What the exercise asks
Every single record below is to be reproduced exactly.

Information
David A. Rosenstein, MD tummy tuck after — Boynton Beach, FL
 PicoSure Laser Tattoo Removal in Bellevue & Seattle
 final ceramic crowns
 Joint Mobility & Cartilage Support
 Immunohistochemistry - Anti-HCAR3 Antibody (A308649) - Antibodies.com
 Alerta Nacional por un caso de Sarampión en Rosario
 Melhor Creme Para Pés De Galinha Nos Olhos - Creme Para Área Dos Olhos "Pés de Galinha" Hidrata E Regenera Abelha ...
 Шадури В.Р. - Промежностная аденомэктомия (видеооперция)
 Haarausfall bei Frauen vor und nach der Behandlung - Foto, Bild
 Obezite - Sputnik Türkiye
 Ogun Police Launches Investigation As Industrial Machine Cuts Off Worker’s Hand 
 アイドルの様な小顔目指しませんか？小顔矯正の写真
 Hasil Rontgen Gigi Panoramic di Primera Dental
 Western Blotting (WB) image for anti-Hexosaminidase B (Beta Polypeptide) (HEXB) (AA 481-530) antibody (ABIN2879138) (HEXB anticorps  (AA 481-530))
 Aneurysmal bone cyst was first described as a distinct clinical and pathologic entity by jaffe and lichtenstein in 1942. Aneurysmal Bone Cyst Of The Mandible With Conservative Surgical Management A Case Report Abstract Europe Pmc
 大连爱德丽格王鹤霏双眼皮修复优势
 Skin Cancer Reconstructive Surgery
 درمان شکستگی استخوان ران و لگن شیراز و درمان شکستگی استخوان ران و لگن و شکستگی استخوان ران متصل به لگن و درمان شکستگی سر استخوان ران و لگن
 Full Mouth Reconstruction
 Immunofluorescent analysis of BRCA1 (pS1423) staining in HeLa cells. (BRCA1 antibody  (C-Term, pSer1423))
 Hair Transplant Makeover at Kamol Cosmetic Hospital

Output of the task
David A. Rosenstein, MD tummy tuck after — Boynton Beach, FL
 PicoSure Laser Tattoo Removal in Bellevue & Seattle
 final ceramic crowns
 Joint Mobility & Cartilage Support
 Immunohistochemistry - Anti-HCAR3 Antibody (A308649) - Antibodies.com
 Alerta Nacional por un caso de Sarampión en Rosario
 Melhor Creme Para Pés De Galinha Nos Olhos - Creme Para Área Dos Olhos "Pés de Galinha" Hidrata E Regenera Abelha ...
 Шадури В.Р. - Промежностная аденомэктомия (видеооперция)
 Haarausfall bei Frauen vor und nach der Behandlung - Foto, Bild
 Obezite - Sputnik Türkiye
 Ogun Police Launches Investigation As Industrial Machine Cuts Off Worker’s Hand 
 アイドルの様な小顔目指しませんか？小顔矯正の写真
 Hasil Rontgen Gigi Panoramic di Primera Dental
 Western Blotting (WB) image for anti-Hexosaminidase B (Beta Polypeptide) (HEXB) (AA 481-530) antibody (ABIN2879138) (HEXB anticorps  (AA 481-530))
 Aneurysmal bone cyst was first described as a distinct clinical and pathologic entity by jaffe and lichtenstein in 1942. Aneurysmal Bone Cyst Of The Mandible With Conservative Surgical Management A Case Report Abstract Europe Pmc
 大连爱德丽格王鹤霏双眼皮修复优势
 Skin Cancer Reconstructive Surgery
 درمان شکستگی استخوان ران و لگن شیراز و درمان شکستگی استخوان ران و لگن و شکستگی استخوان ران متصل به لگن و درمان شکستگی سر استخوان ران و لگن
 Full Mouth Reconstruction
 Immunofluorescent analysis of BRCA1 (pS1423) staining in HeLa cells. (BRCA1 antibody  (C-Term, pSer1423))
 Hair Transplant Makeover at Kamol Cosmetic Hospital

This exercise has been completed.